Broadly speaking, we’re entering an age of copious prompts that are data hungry. Queries that multiply into dozens of queries. A warehouse that can't keep up with these demands becomes a bottleneck for AI adoption.
Speaking candidly, it's a tricky situation. On one end, leaders are yelling "go, go, go" to integrate AI, while builders are rigging things together haphazardly. On the other end, data teams are struggling to build a data operation that can keep up, relying on Claude Code to plug the holes.
There's a different option. Keep the warehouse and add a dynamic layer on top that queries the root sources at runtime and fills in where the warehouse falls short. That's how Peaka is designed.
Consolidation at the query level
Peaka might seem like a “yeah, but…” product. Yeah, that sounds straightforward, but what about the speed?
The skepticism isn’t unwarranted, but there are significant optimizations that can happen under the hood to deliver near-data-warehouse efficiency while keeping joins at runtime. Simultaneously, you’ll net massive benefits by using a product like Peaka:
-
Federated querying: Peaka connects directly to databases, SaaS APIs (Stripe, HubSpot, etc.), and your existing warehouses, sitting on top of them without mandatory data movement. This is an optimal design: data is accessible whenever, yet doesn’t need to be ported over prematurely.
-
Selective caching: With federation as a default, Peaka still supports optional caching. With incremental sync on configurable schedules (down to 1-minute intervals), Peaka users can achieve data warehouse performance through materialized views for BI and RAG use cases despite the data layer being virtualized. The short interval window also ensures cached content is minutes, not hours, old. This piece of the puzzle is critical when understanding Peaka alongside data warehouses: it's a dynamic layer that delivers warehouse-like performance while remaining flexible and up-to-date.
-
Semantic layer: Peaka's users compose their own views from modular building blocks without waiting on the data team. They can also publish or discover reusable data products in a shared marketplace, assembling their own data space à la carte. Especially now with AI tooling, anyone can construct a complex query without worrying about the underlying data shape.
-
Observability:** All queries are sent to Datadog, Grafana, OTel, or a built-in observability layer.

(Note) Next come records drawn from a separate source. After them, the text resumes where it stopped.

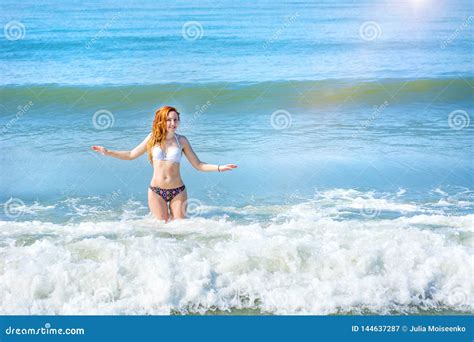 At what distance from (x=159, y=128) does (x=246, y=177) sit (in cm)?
268

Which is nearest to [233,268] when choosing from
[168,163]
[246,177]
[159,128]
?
[168,163]

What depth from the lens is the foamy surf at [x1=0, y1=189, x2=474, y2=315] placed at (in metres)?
5.05

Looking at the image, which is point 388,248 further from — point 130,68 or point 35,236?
point 130,68

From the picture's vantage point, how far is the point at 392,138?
34.4ft

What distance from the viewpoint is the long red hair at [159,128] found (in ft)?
19.7

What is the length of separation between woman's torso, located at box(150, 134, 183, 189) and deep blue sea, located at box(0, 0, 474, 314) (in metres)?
0.47

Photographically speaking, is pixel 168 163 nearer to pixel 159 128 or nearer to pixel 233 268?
pixel 159 128

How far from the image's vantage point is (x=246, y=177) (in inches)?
336

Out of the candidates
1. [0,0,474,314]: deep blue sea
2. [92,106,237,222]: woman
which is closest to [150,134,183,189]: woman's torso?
[92,106,237,222]: woman

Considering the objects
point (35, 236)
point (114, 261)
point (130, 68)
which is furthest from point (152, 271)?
point (130, 68)

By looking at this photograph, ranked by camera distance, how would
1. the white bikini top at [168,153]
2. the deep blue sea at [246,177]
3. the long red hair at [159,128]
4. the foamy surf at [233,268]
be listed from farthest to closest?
the white bikini top at [168,153], the long red hair at [159,128], the deep blue sea at [246,177], the foamy surf at [233,268]

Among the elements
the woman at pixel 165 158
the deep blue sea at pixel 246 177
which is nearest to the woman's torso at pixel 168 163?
the woman at pixel 165 158

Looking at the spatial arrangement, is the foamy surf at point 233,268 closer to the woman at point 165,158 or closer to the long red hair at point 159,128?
the woman at point 165,158

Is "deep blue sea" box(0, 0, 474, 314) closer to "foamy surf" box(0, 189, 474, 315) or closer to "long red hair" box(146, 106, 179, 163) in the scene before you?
"foamy surf" box(0, 189, 474, 315) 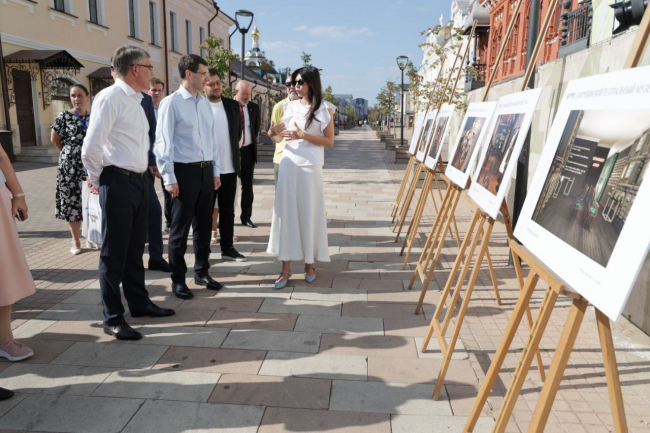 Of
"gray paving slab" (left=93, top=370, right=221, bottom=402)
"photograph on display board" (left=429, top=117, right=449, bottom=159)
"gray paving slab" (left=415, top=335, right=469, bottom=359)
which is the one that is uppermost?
"photograph on display board" (left=429, top=117, right=449, bottom=159)

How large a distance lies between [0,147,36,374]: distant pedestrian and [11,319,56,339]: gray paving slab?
0.36 meters

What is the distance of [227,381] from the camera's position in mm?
3184

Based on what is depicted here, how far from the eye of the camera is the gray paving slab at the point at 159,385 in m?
3.02

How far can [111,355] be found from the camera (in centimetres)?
353

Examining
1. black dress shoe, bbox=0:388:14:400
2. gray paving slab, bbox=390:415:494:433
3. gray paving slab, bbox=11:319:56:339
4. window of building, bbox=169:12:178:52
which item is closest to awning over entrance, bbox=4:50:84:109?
window of building, bbox=169:12:178:52

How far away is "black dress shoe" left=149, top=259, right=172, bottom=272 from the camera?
5.52m

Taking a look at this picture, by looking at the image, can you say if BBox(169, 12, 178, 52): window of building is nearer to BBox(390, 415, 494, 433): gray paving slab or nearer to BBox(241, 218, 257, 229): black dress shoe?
BBox(241, 218, 257, 229): black dress shoe

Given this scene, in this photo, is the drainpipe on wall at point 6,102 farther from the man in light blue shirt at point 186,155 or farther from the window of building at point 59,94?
the man in light blue shirt at point 186,155

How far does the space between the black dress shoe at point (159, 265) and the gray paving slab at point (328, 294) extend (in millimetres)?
1534

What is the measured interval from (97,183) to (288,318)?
179 cm

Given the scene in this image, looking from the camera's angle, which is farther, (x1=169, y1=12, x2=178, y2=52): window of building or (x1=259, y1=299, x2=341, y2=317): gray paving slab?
(x1=169, y1=12, x2=178, y2=52): window of building

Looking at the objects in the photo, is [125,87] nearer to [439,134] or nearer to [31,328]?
[31,328]

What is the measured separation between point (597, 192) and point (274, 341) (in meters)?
2.51

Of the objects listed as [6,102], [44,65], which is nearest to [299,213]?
[6,102] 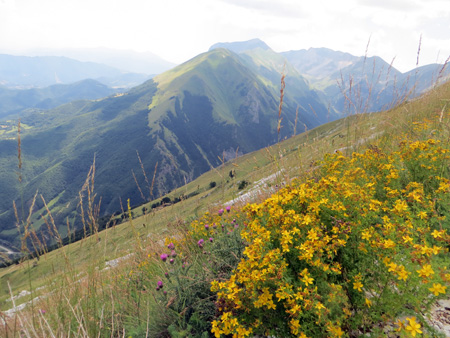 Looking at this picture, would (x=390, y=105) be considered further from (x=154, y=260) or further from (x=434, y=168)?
(x=154, y=260)

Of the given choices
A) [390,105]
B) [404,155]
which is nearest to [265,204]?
[404,155]

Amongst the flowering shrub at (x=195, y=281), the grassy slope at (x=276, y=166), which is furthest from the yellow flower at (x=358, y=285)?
the grassy slope at (x=276, y=166)

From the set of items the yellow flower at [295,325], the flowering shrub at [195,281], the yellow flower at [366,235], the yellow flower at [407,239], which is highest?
the yellow flower at [407,239]

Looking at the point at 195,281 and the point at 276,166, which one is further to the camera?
the point at 276,166

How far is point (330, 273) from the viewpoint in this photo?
104 inches

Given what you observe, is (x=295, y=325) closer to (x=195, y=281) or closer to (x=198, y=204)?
(x=195, y=281)

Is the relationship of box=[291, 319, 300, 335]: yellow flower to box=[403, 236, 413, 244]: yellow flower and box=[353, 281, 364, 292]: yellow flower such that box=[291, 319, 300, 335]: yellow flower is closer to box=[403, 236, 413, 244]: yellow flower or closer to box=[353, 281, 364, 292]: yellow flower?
box=[353, 281, 364, 292]: yellow flower

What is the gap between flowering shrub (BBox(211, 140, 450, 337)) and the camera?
2.34 meters

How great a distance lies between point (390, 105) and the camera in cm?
855

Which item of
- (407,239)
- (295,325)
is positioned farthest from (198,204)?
(407,239)

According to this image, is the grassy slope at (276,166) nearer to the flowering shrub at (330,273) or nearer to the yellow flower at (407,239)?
the flowering shrub at (330,273)

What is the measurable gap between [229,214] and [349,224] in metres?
2.46

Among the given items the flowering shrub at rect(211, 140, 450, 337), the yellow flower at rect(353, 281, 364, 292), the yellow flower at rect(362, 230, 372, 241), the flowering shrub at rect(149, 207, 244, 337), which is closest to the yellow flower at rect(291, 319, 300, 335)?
the flowering shrub at rect(211, 140, 450, 337)

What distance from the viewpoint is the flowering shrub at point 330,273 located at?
2344 millimetres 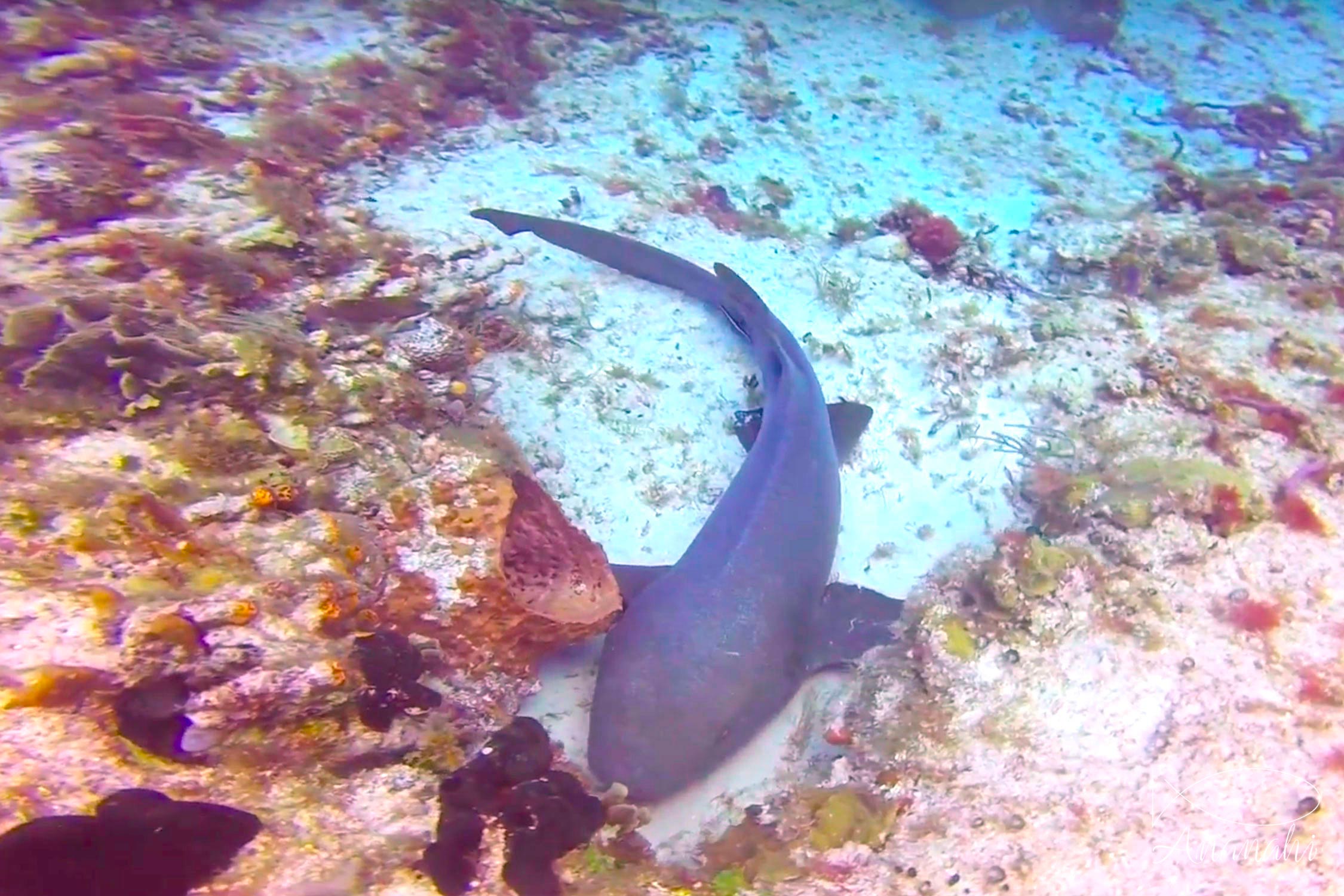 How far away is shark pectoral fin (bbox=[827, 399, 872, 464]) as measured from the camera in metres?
5.42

These benefits also collapse security into a single control plane: Masking, row- and column-level filtering, and user permissions are enforced once, across all connected sources.

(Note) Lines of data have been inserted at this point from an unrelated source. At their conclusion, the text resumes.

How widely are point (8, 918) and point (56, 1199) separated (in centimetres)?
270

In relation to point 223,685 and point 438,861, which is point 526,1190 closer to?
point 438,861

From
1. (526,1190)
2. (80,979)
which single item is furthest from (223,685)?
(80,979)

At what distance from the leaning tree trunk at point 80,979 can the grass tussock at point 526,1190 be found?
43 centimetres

From hand-tuned servers to managed data
We believe Peaka is part of the natural evolution of software infrastructure.
Years ago, teams hand-orchestrated servers on EC2 before Kubernetes ate the world. Now, most teams push to an orchestration platform and let it handle the complexity. Peaka applies that same philosophy to data.
Peaka doesn't ask you to rip out your warehouse. It sits alongside it, absorbing the parts of the workload your warehouse can't keep up with, and grows in scope as your sources and questions keep changing.